In T.I.'s latest role as drug dealer-turned entertainment mogul Lucas Frye on season three of Showtime's House of Lies, Tip has been able to show his acting chops, which, according to the show's creators, Matthew Carnahan and David Walpert, exceed all expectations.
"When you bring in somebody who's a non-actor you just don't know what you're gonna get," Carnahan noted when talking with reporters. "It was a big risk. I think he had been undisciplined on other projects, or so I had heard, but he just came in and he was prepared and he was funny, funny, funny," added Walpert.
Carnahan first discovered the "Whatever You Like" rapper's sense of humor during a table read for one of season three's early episodes.
"I definitely didn't realize how funny he was at first," remembered Carnahan. "But a lot of the stuff he was coming up with, a lot of it was on the page but a lot of it wasn't. He was great and unpredictable in a good way."
In season three, T.I.'s character is as complex as he is charismatic, sparking up a relationship with one of the show's main characters, Jeannie Van Der Hooven (Kristen Bell), while simultaneously battling with his brother (Mekhi Phifer) over company decisions. According to David Walpert, T.I. was the perfect fit.
"He's not playing a rapper, he's playing a hip hop entrepreneur, so we talked about a few other hip hop artists but mostly it was other actors that he was up against for the part," Walpert pointed out, also adding, "I think we wanted a little feel of danger but also someone we thought would be sympathetic and he scored on both those counts, which is a tough one cause there are tough guys who don't feel vulnerable or comical and I think he did both really well."
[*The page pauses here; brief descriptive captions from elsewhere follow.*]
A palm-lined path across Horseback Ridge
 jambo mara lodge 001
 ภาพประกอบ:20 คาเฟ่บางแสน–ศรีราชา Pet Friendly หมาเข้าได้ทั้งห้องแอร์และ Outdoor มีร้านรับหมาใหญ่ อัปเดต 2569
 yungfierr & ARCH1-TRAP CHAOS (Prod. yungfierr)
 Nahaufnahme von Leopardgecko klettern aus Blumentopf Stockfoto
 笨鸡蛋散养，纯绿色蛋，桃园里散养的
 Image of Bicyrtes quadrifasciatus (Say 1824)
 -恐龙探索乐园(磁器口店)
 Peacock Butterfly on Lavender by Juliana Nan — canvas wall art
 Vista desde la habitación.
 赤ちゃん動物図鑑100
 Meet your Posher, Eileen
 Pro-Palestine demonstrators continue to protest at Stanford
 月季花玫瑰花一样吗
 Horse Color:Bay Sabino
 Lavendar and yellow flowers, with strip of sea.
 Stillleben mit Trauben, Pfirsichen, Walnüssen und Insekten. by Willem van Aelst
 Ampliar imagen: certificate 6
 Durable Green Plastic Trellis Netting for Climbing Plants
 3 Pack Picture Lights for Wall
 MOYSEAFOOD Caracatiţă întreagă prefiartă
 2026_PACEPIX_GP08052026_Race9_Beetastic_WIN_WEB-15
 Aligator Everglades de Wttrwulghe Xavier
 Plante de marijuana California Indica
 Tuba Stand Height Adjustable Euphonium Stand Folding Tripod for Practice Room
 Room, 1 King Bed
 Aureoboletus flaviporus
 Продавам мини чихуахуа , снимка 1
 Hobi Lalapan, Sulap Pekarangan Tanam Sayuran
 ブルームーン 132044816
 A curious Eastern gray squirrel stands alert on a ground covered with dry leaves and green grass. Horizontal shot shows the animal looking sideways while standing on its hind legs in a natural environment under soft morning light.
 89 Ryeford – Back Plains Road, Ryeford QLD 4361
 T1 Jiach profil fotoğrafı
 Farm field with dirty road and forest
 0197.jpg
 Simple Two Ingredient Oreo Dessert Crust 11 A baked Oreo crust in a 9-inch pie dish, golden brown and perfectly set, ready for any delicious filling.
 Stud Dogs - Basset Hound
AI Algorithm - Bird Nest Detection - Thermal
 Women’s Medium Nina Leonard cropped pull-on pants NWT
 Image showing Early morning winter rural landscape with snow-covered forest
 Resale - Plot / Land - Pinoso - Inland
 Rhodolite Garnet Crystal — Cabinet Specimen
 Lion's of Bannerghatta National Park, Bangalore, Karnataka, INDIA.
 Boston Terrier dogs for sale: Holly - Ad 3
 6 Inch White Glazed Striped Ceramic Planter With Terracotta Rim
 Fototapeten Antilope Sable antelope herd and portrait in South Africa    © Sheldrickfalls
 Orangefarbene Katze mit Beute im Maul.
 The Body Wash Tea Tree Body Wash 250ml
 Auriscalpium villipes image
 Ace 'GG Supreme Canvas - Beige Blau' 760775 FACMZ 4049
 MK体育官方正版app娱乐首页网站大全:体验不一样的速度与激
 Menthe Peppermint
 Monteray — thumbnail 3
Walpert and Carnahan agree that after this role, the Grand Hustle emcee should be primed to take his acting game to the next level. "From the moment we sat down with him he had a real sense of the character. He hadn't even read anything, he went off a description. We just told him it's kind of like a Jay Z or Dame Dash and he knew that situation and said he had a few ideas about how a character like that carries and uses power and he really knew it," remembered Carnahan, with Walpert concluding, "I really feel like now he can take this [experience on House of Lies] and cash it in for a big feature. He just has, whatever that 'thing' is, he has it."